That’s the beauty of stand-up, though, that an audience readily accepts not mere anecdotes but an exceptionally amusing interpretation of them. As such, we roll with Mike playing Matt as he enjoys the company of long-time partner Abby (Lauren Ambrose); begrudgingly accepts the advice of parents Frank (James Rebhorn) and Linda (Carol Kane); and splits his mounting worries between his relationship, a fledgling funnyman career and a burgeoning sleepwalking disorder.
Is twenty-something uncertainty especially revelatory material? Not necessarily. But Birbiglia’s droll, clumsy delivery works just as well on screen as it does on stage. Better yet, the film (co-written and co-produced by NPR’s Ira Glass, among others) marks his writing and directorial debut, and the extent to which his stand-up improves and his insecurities worsen as Matt begins effectively confessing his worst relationship fears to total strangers, seems to stem from a very real place of ambivalence and ambition. At the risk of shortchanging the entire, perfectly fine supporting cast, the whole endeavor rests (and well) on Birbiglia’s perpetually shrugging shoulders without reeking of other self-consuming vanity projects.

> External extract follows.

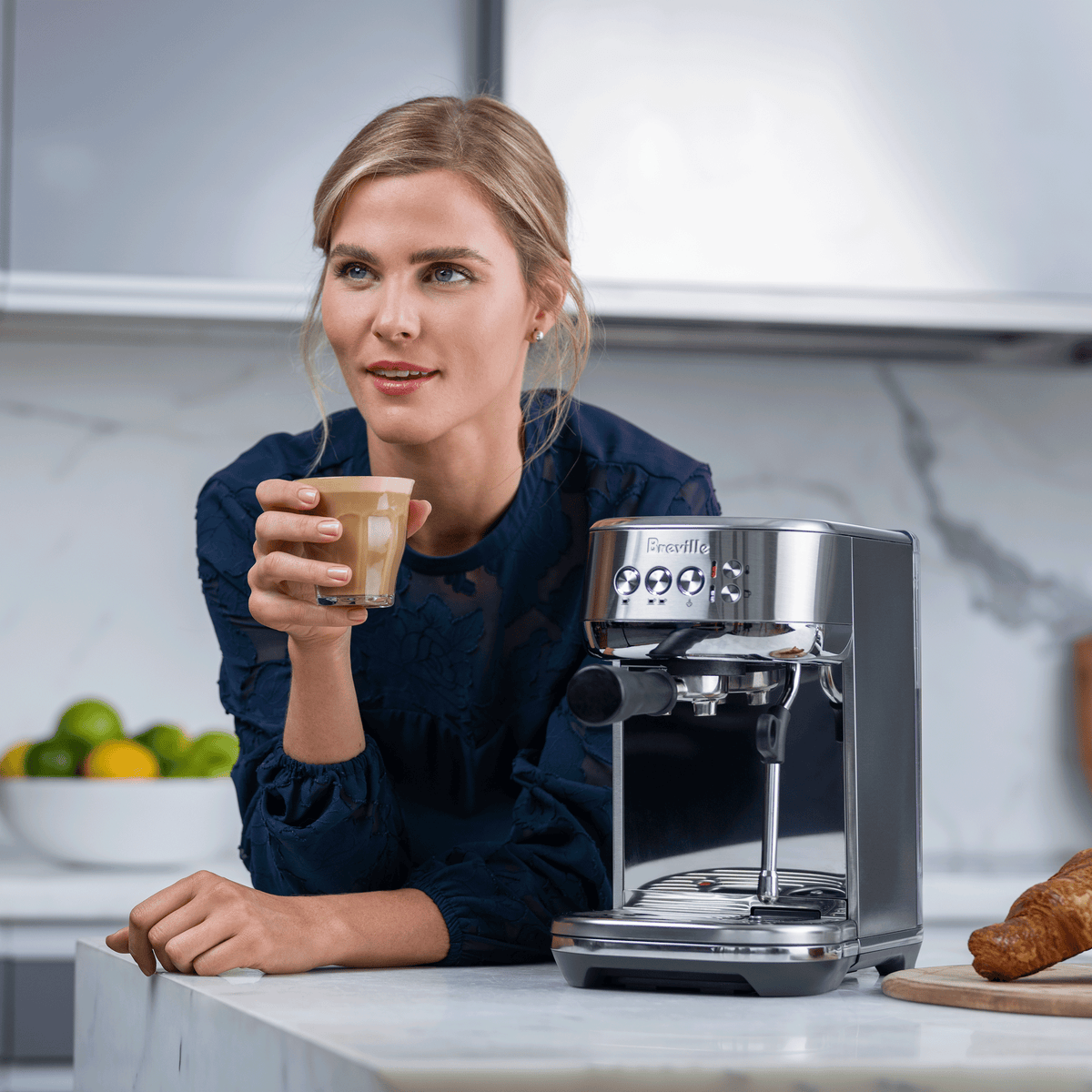 Woman holding a latte beside a Breville Bambino Plus espresso machine on a kitchen counter.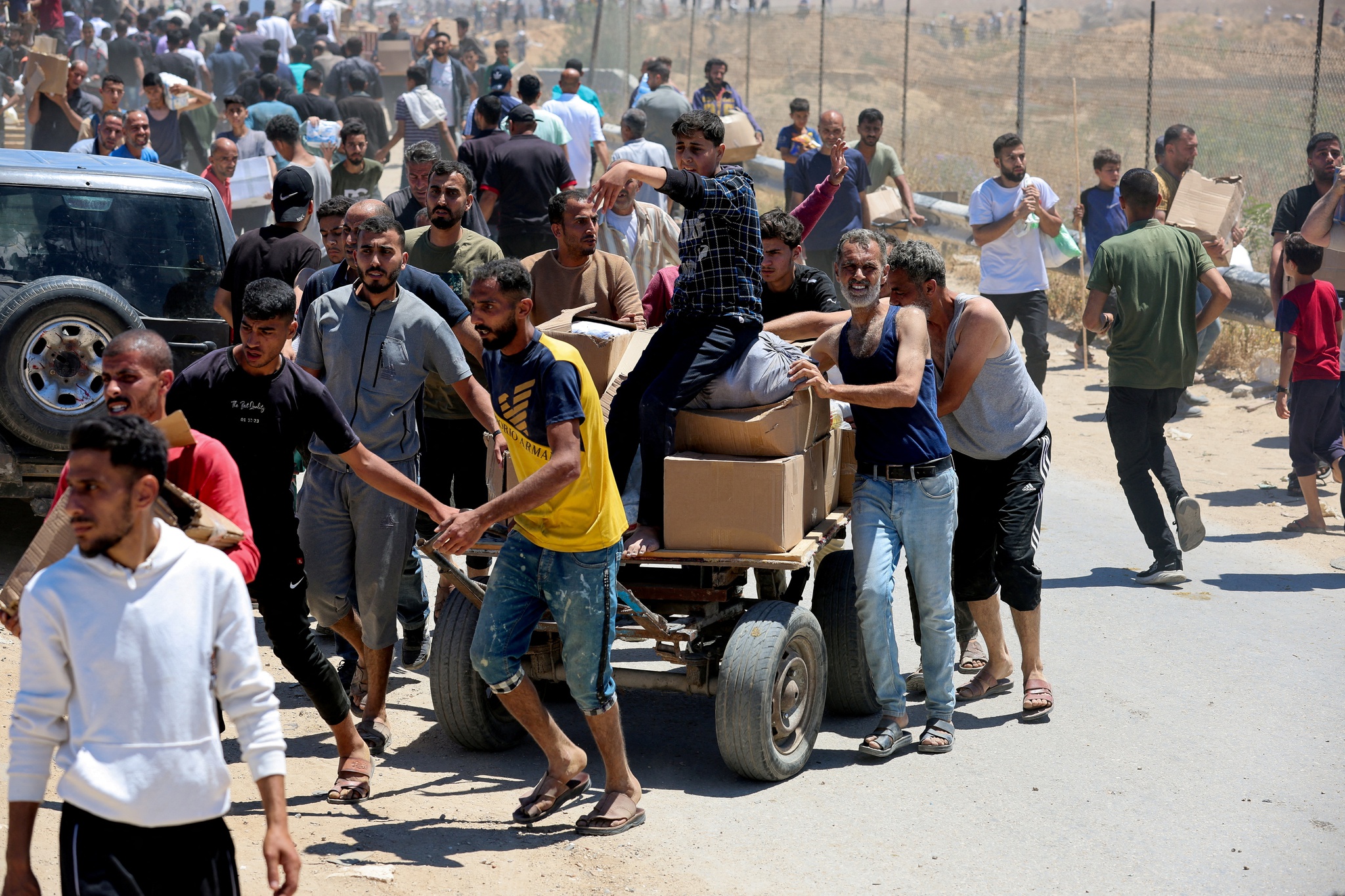 Palestinians walk with aid supplies which they received from the U.S.-backed Gaza Humanitarian Foundation, in the central Gaza Strip, May 29, 2025. REUTERS/Ramadan Abed REFILE - CORRECTING LOCATION FROM "NEAR AN AREA OF GAZA KNOWN AS THE NETZARIM CORRIDOR" TO "IN THE CENTRAL GAZA STRIP".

In between gigs and dreams gone equally awry, "Sleepwalk With Me" quietly goes a long way towards rationalizing how, and why, a seemingly shy guy would be compelled to entertain the anonymous masses even as he struggles with one-on-one connection and commitment. Fans of Birbiglia should be easily entertained, and with a little luck, it will only earn this particular loveable neurotic a few more of those. [B]
This is a reprint of our review from SXSW.